Consider this a PoC that looks at running Dagster locally for development and in GKE for production.
Authentication with the GCP project happens through a service account. The commands below will create a service account and download a JSON key. This service account will also be used via Workload Identity when deployed in production on GKE.
gcloud config set project $GOOGLE_CLOUD_PROJECT;
gcloud iam service-accounts create dagster \
--display-name="dagster";
export SA_EMAIL=`gcloud iam service-accounts list --format='value(email)' \
--filter='displayName:dagster'`
gcloud projects add-iam-policy-binding $GOOGLE_CLOUD_PROJECT \
--member serviceAccount:$SA_EMAIL \
--role roles/bigquery.jobUser;
gcloud projects add-iam-policy-binding $GOOGLE_CLOUD_PROJECT \
--member serviceAccount:$SA_EMAIL \
--role roles/bigquery.user;
gcloud projects add-iam-policy-binding $GOOGLE_CLOUD_PROJECT \
--member serviceAccount:$SA_EMAIL \
--role roles/bigquery.dataEditor;
gcloud projects add-iam-policy-binding $GOOGLE_CLOUD_PROJECT \
--member serviceAccount:$SA_EMAIL \
--role roles/storage.admin;
gcloud iam service-accounts keys create service.json \
--iam-account=$SA_EMAIL;
Complete your .env file.
poetry env use 3.9.10;
poetry install;
dagit -w dagster/workspace.yaml;
gcloud config set project $GOOGLE_CLOUD_PROJECT;
gcloud config set compute/region us-central1;
gcloud services enable artifactregistry.googleapis.com;
gcloud services enable cloudbuild.googleapis.com;
gcloud services enable compute.googleapis.com;
gcloud services enable container.googleapis.com;
gcloud services enable servicenetworking.googleapis.com;
gcloud services enable sqladmin.googleapis.com;
gcloud services enable iamcredentials.googleapis.com;
The production job uses the Google Cloud Storage (GCS) IO manager.
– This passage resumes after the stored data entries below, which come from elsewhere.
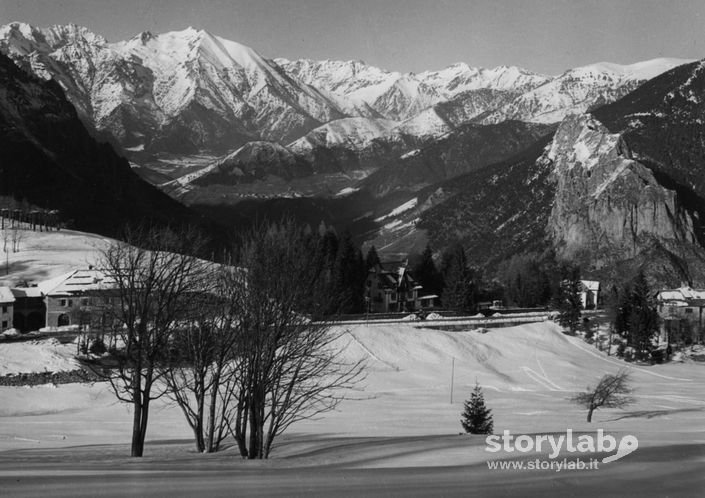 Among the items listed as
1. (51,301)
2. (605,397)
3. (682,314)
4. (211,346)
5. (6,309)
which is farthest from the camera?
(682,314)

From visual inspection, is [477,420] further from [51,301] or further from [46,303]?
[46,303]

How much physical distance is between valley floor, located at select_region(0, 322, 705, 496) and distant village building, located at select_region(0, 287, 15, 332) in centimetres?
3199

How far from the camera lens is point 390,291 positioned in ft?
363

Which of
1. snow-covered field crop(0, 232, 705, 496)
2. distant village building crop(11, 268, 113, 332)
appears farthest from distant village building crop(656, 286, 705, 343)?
distant village building crop(11, 268, 113, 332)

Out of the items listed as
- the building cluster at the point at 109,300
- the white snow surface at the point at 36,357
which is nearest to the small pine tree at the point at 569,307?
the building cluster at the point at 109,300

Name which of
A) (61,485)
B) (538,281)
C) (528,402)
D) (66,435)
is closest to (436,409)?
(528,402)

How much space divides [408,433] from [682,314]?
118 m

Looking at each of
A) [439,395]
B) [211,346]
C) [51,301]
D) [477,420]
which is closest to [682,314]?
[439,395]

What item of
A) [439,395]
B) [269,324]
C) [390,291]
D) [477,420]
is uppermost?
[390,291]

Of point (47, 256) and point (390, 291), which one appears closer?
point (390, 291)

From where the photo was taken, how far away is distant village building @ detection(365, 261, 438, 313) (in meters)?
110

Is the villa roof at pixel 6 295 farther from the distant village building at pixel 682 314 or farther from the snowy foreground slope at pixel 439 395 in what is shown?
the distant village building at pixel 682 314

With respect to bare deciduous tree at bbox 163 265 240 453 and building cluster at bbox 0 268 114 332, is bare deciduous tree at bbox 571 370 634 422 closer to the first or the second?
Answer: bare deciduous tree at bbox 163 265 240 453

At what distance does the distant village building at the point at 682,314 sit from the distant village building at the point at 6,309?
3855 inches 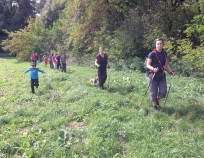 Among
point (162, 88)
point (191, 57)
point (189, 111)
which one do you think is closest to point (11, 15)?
point (191, 57)

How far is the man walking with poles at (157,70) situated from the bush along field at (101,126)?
48cm

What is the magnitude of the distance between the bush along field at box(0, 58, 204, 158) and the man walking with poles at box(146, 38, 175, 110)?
48 centimetres

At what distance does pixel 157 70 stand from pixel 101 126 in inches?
95.9

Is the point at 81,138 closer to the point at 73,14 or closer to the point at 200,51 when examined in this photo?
the point at 200,51

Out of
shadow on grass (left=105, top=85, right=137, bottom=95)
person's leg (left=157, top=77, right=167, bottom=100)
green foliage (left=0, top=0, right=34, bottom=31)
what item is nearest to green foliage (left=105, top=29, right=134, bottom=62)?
shadow on grass (left=105, top=85, right=137, bottom=95)

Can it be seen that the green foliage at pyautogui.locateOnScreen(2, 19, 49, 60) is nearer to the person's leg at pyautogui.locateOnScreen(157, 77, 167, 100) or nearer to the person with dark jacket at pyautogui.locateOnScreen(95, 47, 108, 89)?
the person with dark jacket at pyautogui.locateOnScreen(95, 47, 108, 89)

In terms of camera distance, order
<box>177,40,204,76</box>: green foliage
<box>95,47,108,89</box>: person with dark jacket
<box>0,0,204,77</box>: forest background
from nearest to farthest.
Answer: <box>95,47,108,89</box>: person with dark jacket
<box>177,40,204,76</box>: green foliage
<box>0,0,204,77</box>: forest background

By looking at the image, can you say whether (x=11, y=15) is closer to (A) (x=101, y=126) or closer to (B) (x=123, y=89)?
(B) (x=123, y=89)

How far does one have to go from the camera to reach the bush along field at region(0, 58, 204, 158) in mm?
5590

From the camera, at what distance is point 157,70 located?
7.91 m

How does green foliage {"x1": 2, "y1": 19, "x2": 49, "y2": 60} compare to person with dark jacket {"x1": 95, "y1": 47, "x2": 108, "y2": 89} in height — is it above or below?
above

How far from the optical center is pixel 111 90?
39.0ft

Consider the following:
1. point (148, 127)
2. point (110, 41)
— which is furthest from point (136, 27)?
point (148, 127)

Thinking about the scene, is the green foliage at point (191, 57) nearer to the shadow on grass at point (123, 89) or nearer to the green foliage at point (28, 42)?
the shadow on grass at point (123, 89) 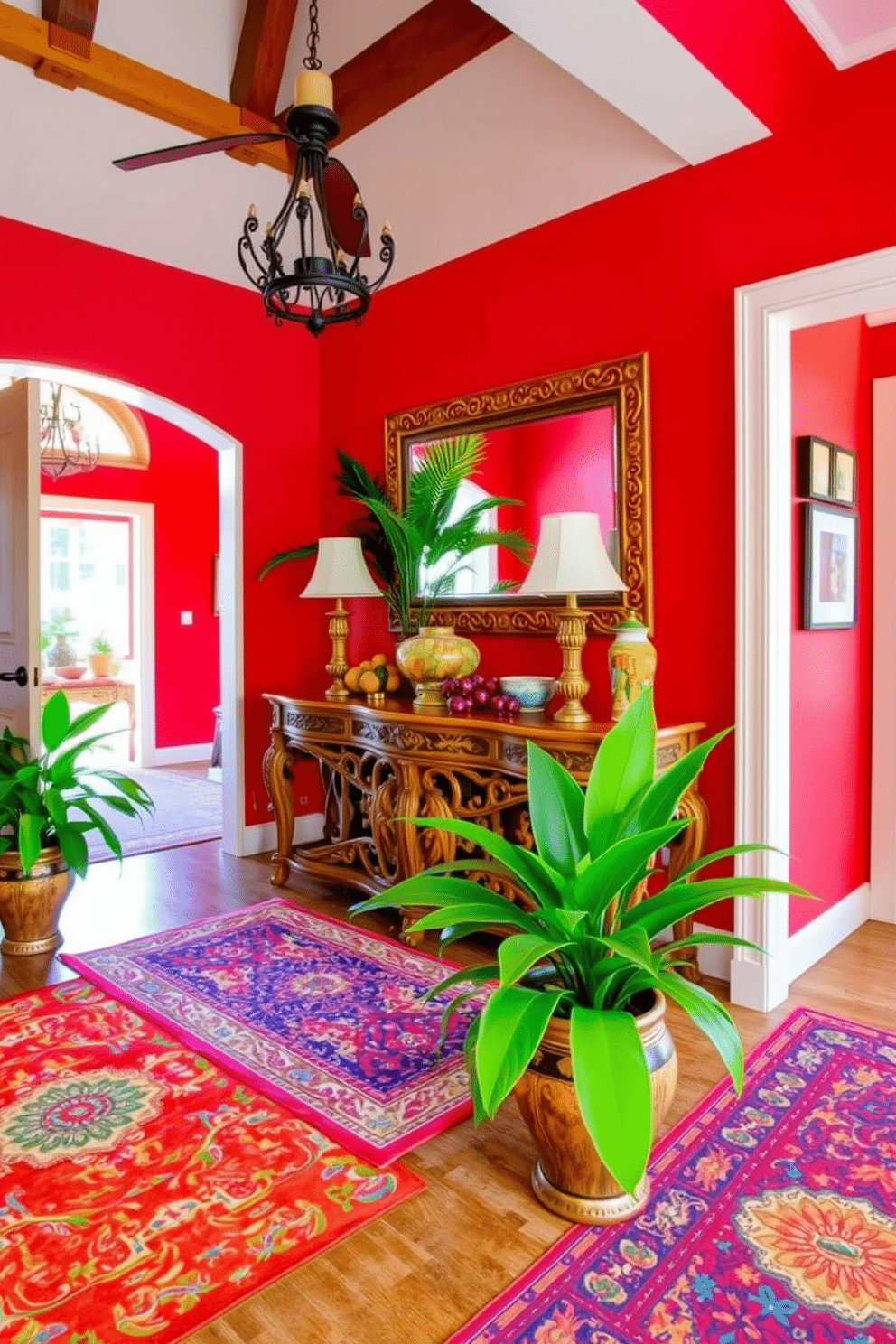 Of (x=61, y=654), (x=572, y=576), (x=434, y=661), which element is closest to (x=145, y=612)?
(x=61, y=654)

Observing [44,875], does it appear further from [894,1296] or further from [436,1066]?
[894,1296]

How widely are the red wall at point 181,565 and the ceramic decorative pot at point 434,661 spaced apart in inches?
172

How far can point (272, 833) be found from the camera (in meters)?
4.61

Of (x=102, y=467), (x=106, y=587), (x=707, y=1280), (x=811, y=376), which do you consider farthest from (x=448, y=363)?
(x=106, y=587)

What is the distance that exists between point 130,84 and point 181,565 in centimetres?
440

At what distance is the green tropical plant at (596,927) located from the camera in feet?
4.72

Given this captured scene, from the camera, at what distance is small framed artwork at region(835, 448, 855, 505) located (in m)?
3.16

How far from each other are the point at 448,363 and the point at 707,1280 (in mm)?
3497

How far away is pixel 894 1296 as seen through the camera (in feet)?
4.98

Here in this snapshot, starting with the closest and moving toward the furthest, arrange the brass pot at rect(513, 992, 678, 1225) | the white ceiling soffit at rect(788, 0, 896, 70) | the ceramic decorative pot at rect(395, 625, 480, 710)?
the brass pot at rect(513, 992, 678, 1225)
the white ceiling soffit at rect(788, 0, 896, 70)
the ceramic decorative pot at rect(395, 625, 480, 710)

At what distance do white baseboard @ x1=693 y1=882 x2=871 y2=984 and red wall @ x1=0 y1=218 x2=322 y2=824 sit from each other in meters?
2.44

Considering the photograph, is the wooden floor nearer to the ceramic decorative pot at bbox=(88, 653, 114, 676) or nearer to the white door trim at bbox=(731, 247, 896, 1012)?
the white door trim at bbox=(731, 247, 896, 1012)

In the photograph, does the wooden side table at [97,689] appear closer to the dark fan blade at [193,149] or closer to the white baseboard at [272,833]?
the white baseboard at [272,833]

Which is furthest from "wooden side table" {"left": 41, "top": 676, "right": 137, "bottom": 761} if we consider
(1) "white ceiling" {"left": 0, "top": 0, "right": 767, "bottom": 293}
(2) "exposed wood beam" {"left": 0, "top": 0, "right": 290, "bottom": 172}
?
(2) "exposed wood beam" {"left": 0, "top": 0, "right": 290, "bottom": 172}
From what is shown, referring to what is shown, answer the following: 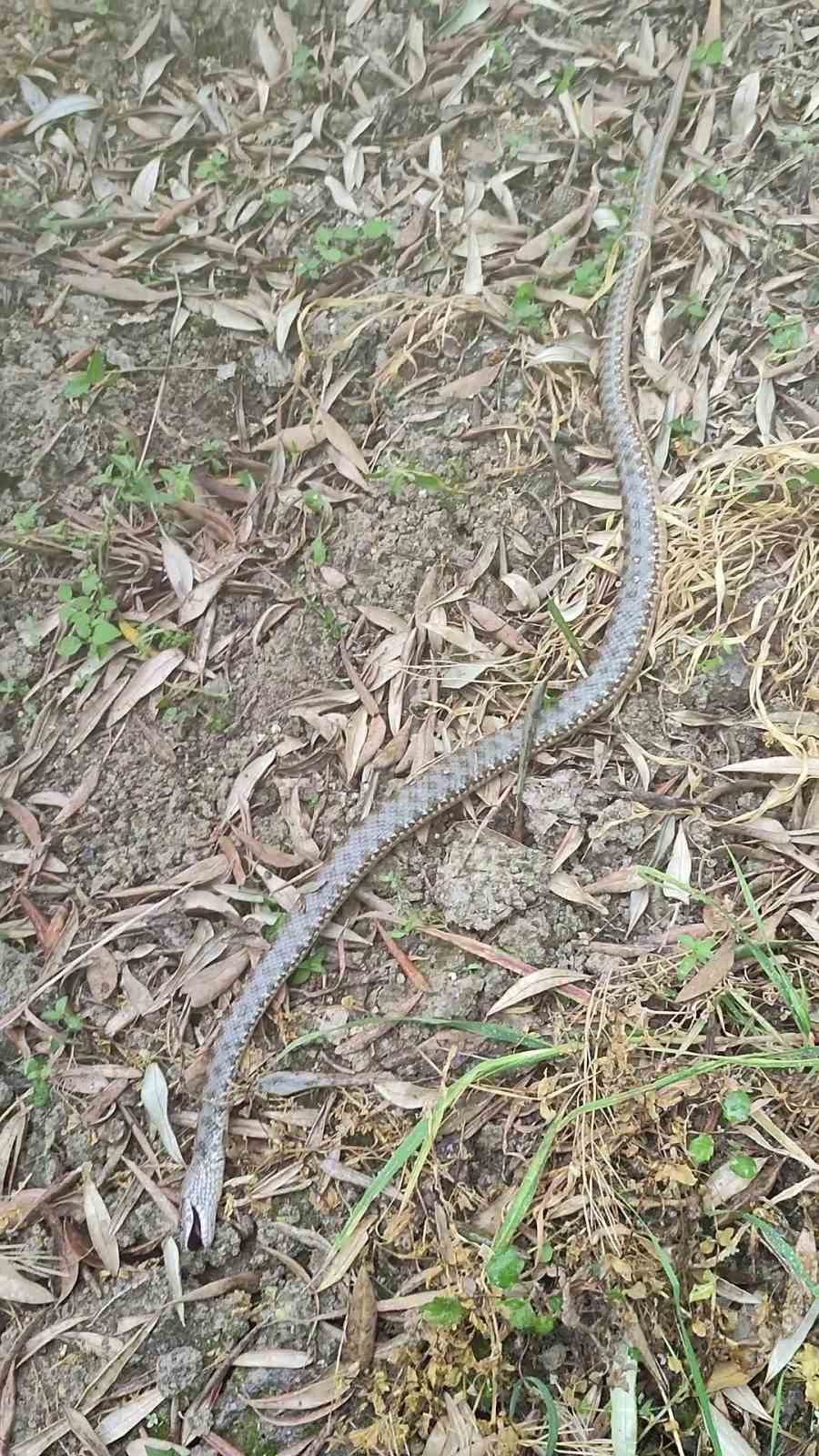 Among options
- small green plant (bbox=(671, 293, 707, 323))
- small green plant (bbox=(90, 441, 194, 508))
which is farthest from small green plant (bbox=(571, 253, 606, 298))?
small green plant (bbox=(90, 441, 194, 508))

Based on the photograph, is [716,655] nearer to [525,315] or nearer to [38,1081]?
[525,315]

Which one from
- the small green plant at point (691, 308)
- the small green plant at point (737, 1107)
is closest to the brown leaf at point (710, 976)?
the small green plant at point (737, 1107)

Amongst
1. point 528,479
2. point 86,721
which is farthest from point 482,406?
point 86,721

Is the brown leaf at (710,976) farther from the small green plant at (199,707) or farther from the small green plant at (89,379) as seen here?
the small green plant at (89,379)

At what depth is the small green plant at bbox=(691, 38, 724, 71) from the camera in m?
4.20

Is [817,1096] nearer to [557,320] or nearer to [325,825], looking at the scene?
[325,825]

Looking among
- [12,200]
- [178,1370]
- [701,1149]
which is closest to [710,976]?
[701,1149]

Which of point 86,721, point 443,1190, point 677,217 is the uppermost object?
point 677,217

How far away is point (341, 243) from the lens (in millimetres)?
4438

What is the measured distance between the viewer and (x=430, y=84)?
4504 mm

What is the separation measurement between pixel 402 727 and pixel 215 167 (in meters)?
3.06

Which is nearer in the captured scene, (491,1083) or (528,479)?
(491,1083)

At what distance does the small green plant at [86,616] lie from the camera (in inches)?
163

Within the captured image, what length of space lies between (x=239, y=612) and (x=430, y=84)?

This requires a GCS bucket.
gsutil mb gs://$GOOGLE_CLOUD_PROJECT
While the Dagster helm chart deploys PostgreSQL in the cluster, this deployment will connect to a Cloud SQL instance via a private ip.
gcloud compute addresses create google-managed-services-default \
--global \
--purpose=VPC_PEERING \
--prefix-length=16 \
--description="peering range" \
--network=default;
gcloud services vpc-peerings connect \
--service=servicenetworking.googleapis.com \
--ranges=google-managed-services-default \
--network=default \
--project=$GOOGLE_CLOUD_PROJECT;
# create cloud sql instance
gcloud beta sql instances create \
--zone us-central1-c \
--database-version POSTGRES_13 \
--tier db-f1-micro \
--storage-auto-increase \
--network=projects/$GOOGLE_CLOUD_PROJECT/global/networks/default \
--backup-start-time 08:00 dagster;
gcloud sql databases create 'dagster' --instance=dagster;
# TODO: set the postgres user password
# create artifact registry repository
gcloud artifacts repositories create dagster \
--project=$GOOGLE_CLOUD_PROJECT \
--repository-format=docker \
--location=us-central1 \
--description="Docker repository";
# create gke autopilot cluster
gcloud container clusters create-auto kubefun --region us-central1;
kubectl create secret generic dagster-gcs-bucket-name --from-literal=GCS_BUCKET_NAME=main-form-349700;
kubectl create secret generic dagster-postgresql-secret --from-literal=postgresql-password='SecretPassword';
helm repo add dagster https://dagster-io.github.io/helm ;
helm repo update;
gcloud builds submit \
--tag us-central1-docker.pkg.dev/$GOOGLE_CLOUD_PROJECT/dagster/dagster .;
helm upgrade --install dagster dagster/dagster -f values.yaml;
kubectl create configmap dagster-lea-vars \
--from-literal GCS_BUCKET_DEV='dagster-dev-bucket-name' \
--from-literal GCS_BUCKET_PROD='dagster-prod-bucket-name' \
--from-literal DBT_PROJECT_DIR='/opt/dagster/app/dbt' \
--from-literal DBT_PROFILES_DIR='/opt/dagster/app';
kubectl create secret generic dagster-edfi-api \
--from-literal EDFI_BASE_URL='XXXXXXXX' \
--from-literal EDFI_API_KEY='XXXXXXXX' \
--from-literal EDFI_API_SECRET='XXXXXXXX';
# bind kubernetes service account to google service account
gcloud iam service-accounts add-iam-policy-binding \
--role="roles/iam.workloadIdentityUser" \
--member="serviceAccount:$GOOGLE_CLOUD_PROJECT.svc.id.goog[default/dagster]" \
dagster@$GOOGLE_CLOUD_PROJECT.iam.gserviceaccount.com;
kubectl annotate serviceaccount \
default \
iam.gke.io/gcp-service-account=dagster@$GOOGLE_CLOUD_PROJECT.iam.gserviceaccount.com;
kubectl annotate serviceaccount \
dagster \
iam.gke.io/gcp-service-account=dagster@$GOOGLE_CLOUD_PROJECT.iam.gserviceaccount.com;
export DAGIT_POD_NAME=$(kubectl get pods --namespace default -l "app.kubernetes.io/name=dagster,app.kubernetes.io/instance=dagster,component=dagit" -o jsonpath="{.items[0].metadata.name}")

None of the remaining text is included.